Antony Gormley, British sculptor, about his work, The Infinite Cube
Gabriel Mitchell was obsessed in a poetical and mathematical way with “grid theory”. He saw it as a matrix through which to view the world. Combining both Ptolemic mathematics and structural theory he approached the grid as a conceptual matrix to register experience. There is a sense of humour and a totality to the way in which he pursued his research and I consider the “cosmic infinity cube” as the culmination of his many investigations. It had to be made.
In my work I have constantly tried to apply objective mapping to subjective experience and I
continue to employ the orthogonal structures of modernity in order to measure both body and space. With this Cube, Gabriel calls on both the possibility and terror of an absolute order. The Cube places 1000 points of light set into a regular grid within a mirrored cube. This is a universe that is, like ours, ever expanding but without gravity, a universe of seeds of light that progress outwards with the illusion of infinite extension.
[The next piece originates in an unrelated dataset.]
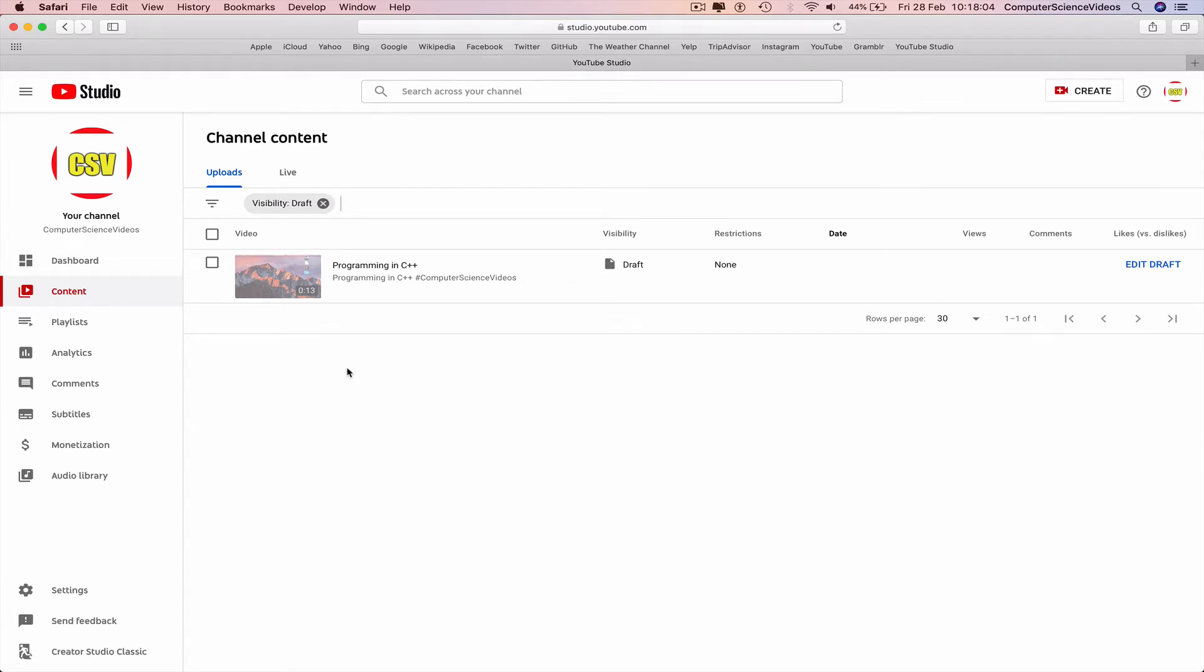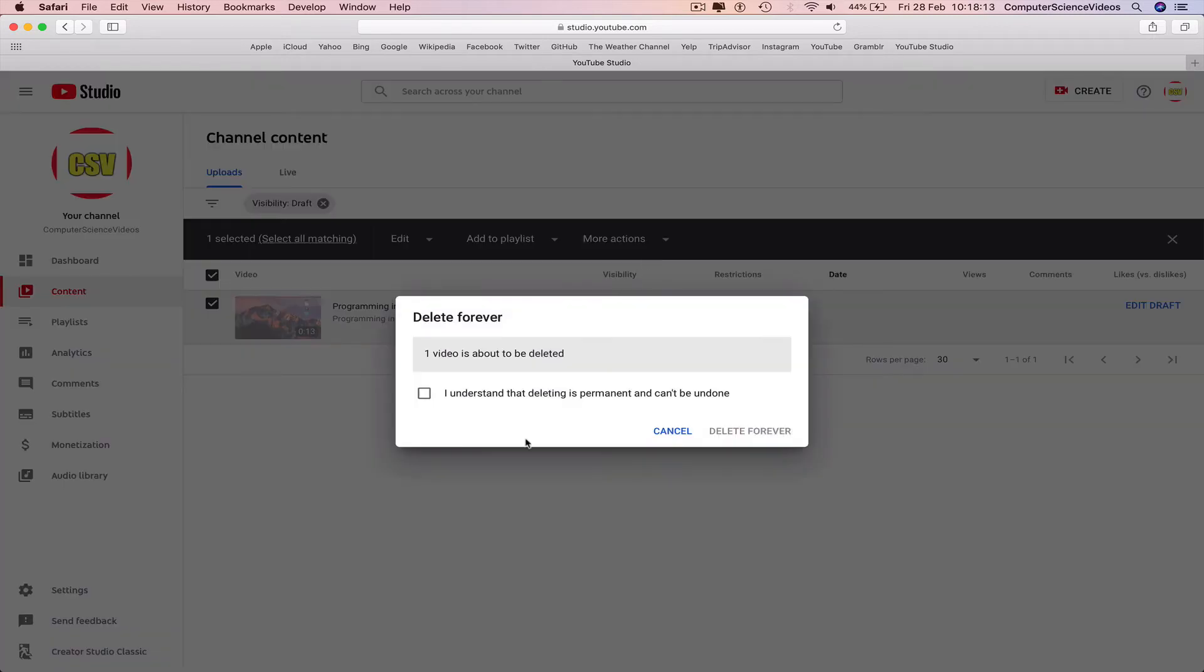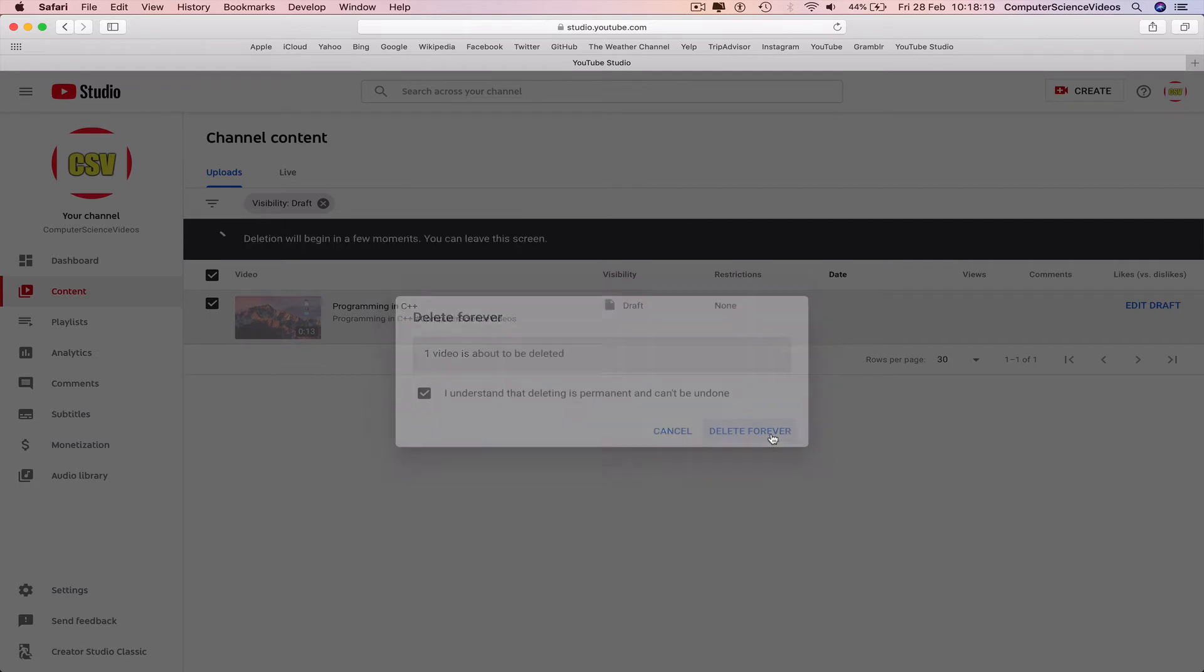To go to the video, click on Select All, More Actions, Delete Forever. I understand that deleting is permanent and cannot be undone. Yes, delete forever.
The core of the paradox is that this infinity is held within a regular cube of an imperial yard, a measure that derives from the body, that allows an infinity, but at the scale of the intimate.
The domain of sculpture is space, it attempts to catalyse it, to engage us in it, through mass, time and an appeal to first-hand experience, but this small cube is, in some way, an inversion of culpture’s role in the physical world and gives us a void, never inhabitable but calls on us to imaginatively engage in a three dimensional perceptual field with shifting infinities that constantly move with us.